**Source data**:
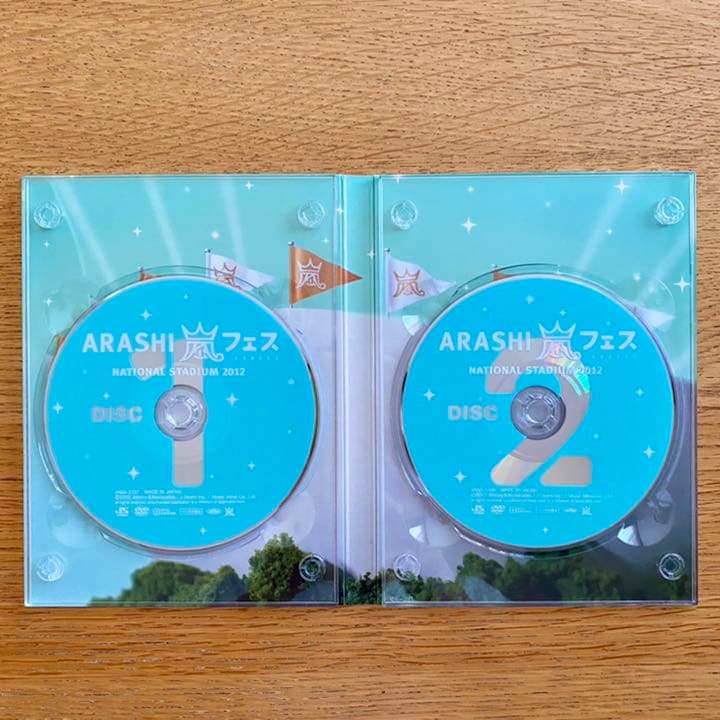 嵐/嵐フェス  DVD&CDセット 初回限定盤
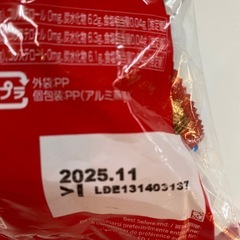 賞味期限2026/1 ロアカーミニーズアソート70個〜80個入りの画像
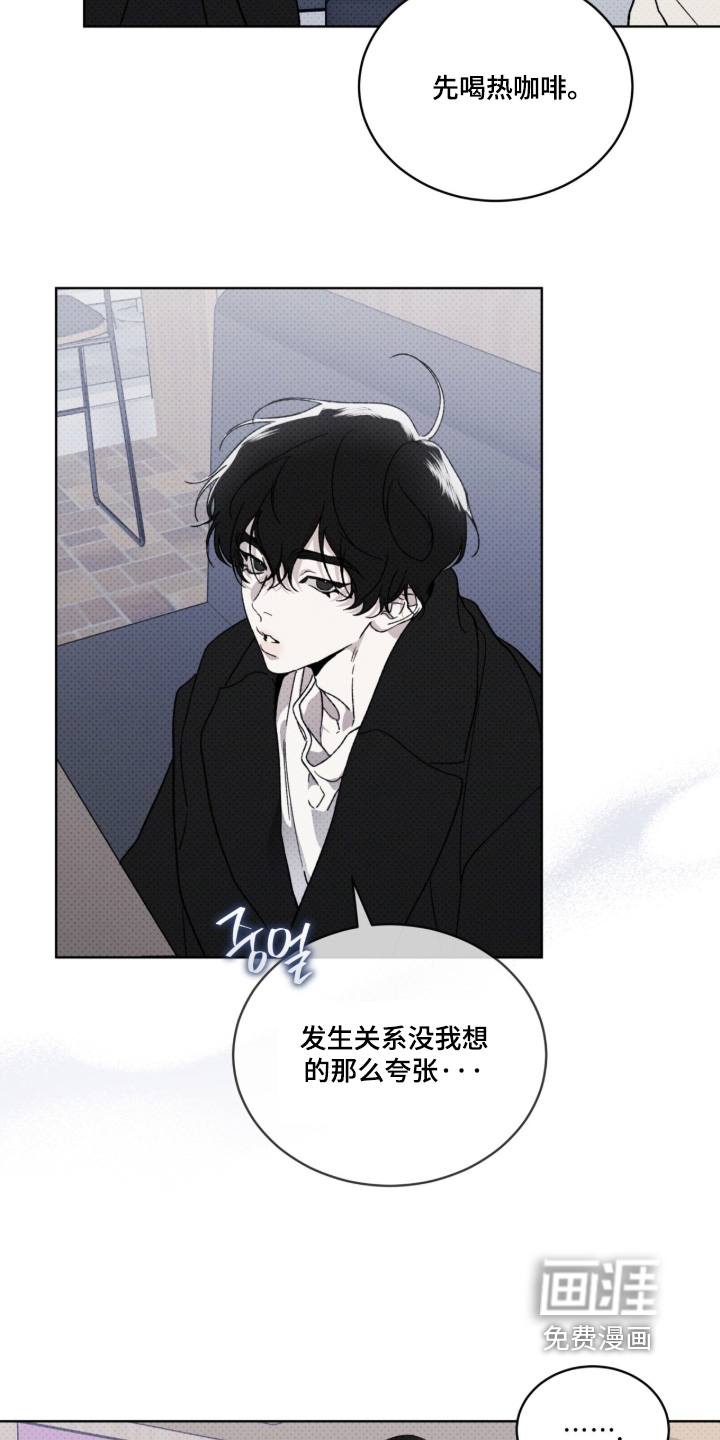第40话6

==

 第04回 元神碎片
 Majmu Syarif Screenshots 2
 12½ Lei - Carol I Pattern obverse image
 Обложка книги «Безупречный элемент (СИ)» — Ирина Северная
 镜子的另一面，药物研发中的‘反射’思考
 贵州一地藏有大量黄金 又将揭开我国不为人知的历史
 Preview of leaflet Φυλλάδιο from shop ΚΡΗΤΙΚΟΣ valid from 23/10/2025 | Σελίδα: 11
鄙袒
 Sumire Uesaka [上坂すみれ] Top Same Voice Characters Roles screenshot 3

---

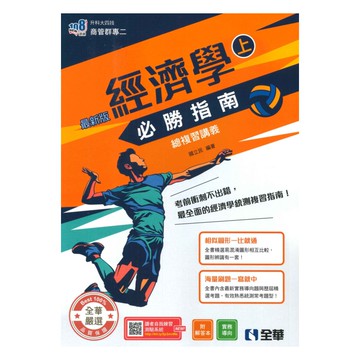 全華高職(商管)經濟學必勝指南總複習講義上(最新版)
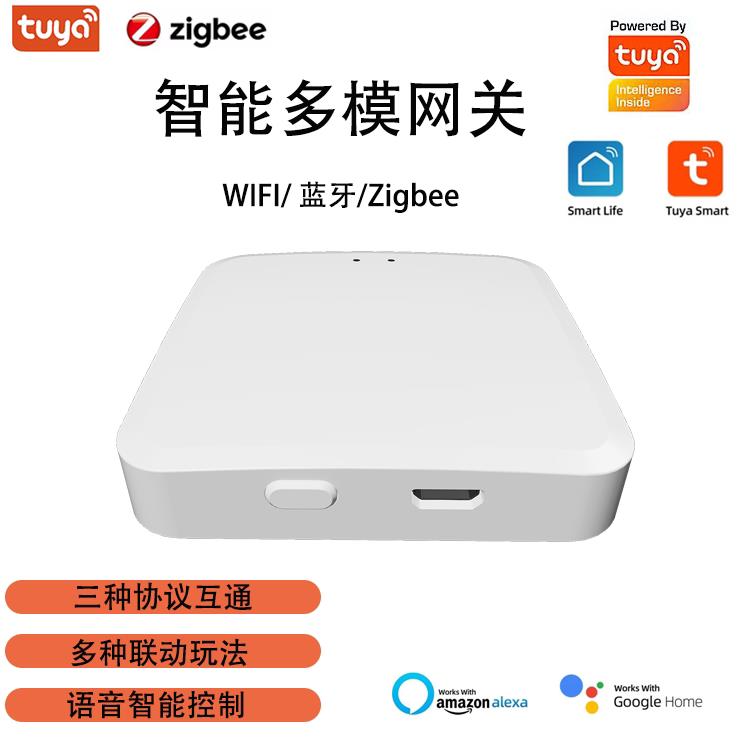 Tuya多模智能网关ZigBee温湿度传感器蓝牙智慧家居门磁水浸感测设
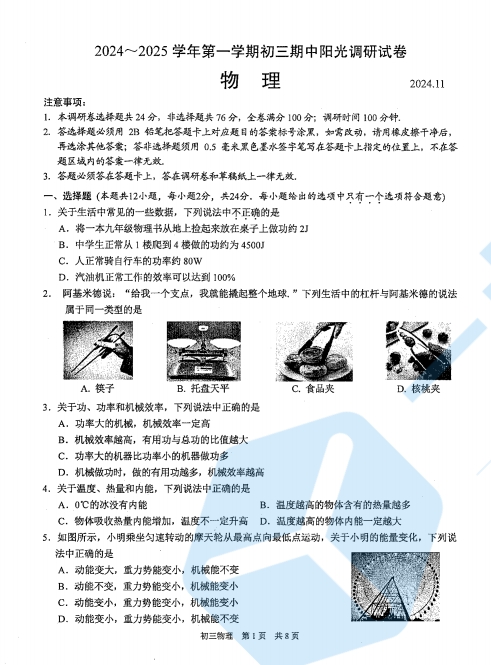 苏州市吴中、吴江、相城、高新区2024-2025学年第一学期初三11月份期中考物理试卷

**Try it**:
Give back exactly the lines above that run from the one with "Tuya多模智能网关ZigBee温湿度传感器蓝牙智慧家居门磁水浸感测设" to the one with "苏州市吴中、吴江、相城、高新", including both, with the pictures left out.

**Answer to the problem**:
 Tuya多模智能网关ZigBee温湿度传感器蓝牙智慧家居门磁水浸感测设
 苏州市吴中、吴江、相城、高新区2024-2025学年第一学期初三11月份期中考物理试卷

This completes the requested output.